Your own actions have an effect on this puzzle box. Perhaps that can be to your benefit. Shake a target out of their routine by adding the new variable of a weapon or body being found nearby so you can lure them to a more favourable killspot. Alternatively, making a mistake or being sloppy in covering your tracks can have the target running for the hills and suddenly any plans you had must be discarded immediately in favour of some quick opportunistic action if you’re to complete your task.
The more you poke and prod at the world to get a reaction, the more you’ll learn how to mold those actions to your own desires and the more creative you can get. Hitman games reward practice and perseverance more than most. The latest episodic game – and its upcoming sequel – deliver the most compelling reward for putting this level of effort in: more content.
With 2016’s reboot, IO Interactive set out to deliver Hitman as an ever-growing ‘World of Assassination’. Some may not have gotten on with the drip-fed episodic levels, but there’s no denying the benefits that came from the way the game was produced and supplied. By giving each level the same attention, and breathing room from each-other, as a full game launch there was a focus on rewarding replayability. Escalation challenges – sets of quirky contracts within each level that got increasingly more specific and challenging in the completion requirements – and various unlockables incentivised replaying each level to get the absolute most out of each release.
That replaying was most rewarded with frequent content updates that relied on putting that learned knowledge of each level to good use: Elusive Targets. These new contracts have been added every couple of weeks and came with one very specific stipulation: you have one chance to kill the target and get out. If you fail once you’ve made your move, you don’t get a second chance. These toughest of challenges put all the practice you’ve accrued in completing each level’s various challenges and exploring all of its nooks and crannies to the ultimate test. Particularly as one final curveball is thrown your way: in this mode your target isn’t identified on the map or in your Assassin’s Creed style instinct vision. You’re entirely on your own.

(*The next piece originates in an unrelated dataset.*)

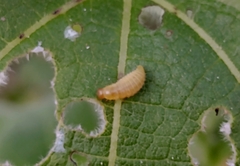 Ophraella communa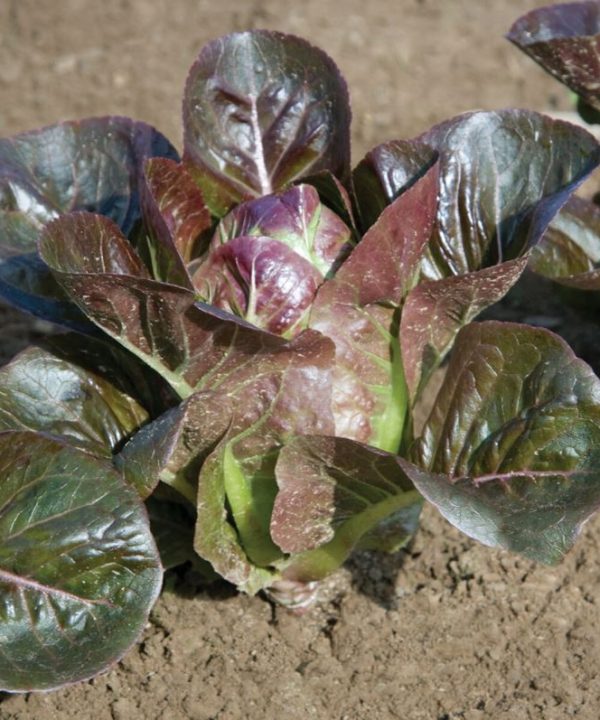 Breen - Organic Lettuce Seed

The upcoming Hitman 2 is not strictly episodic. When the game launches, all 6 levels will be available at once – although additional season pass levels are also promised for the future. However, that same focus on rewarding replaying and puzzling out the even more expansive locations and opportunities remains. The Elusive Targets even return with the first such target, played by Sean Bean, being an appropriately named fellow assassin: ‘The Undying’.
Perhaps rightly, that decision to focus on replayability vs simply “completing” the game’s story is left in the players’ hands this time around. But it’s possibly just as fair to say that anyone blasting through Hitman 2 in a handful of hours and moving onto the next big game release is missing the value – and the real joy – of the game’s unique format.
Just as much as Tetris is a game designed to be picked up and endlessly replayed, as is Hitman. Puzzle games are never truly ‘beaten’. There’s always a new challenge to apply yourself to and after 2 years of IO Interactive’s incredibly consistent content support for 2016’s Hitman, it’s certain that we’ll have plenty of new puzzles to creatively murder our way through for further years to come.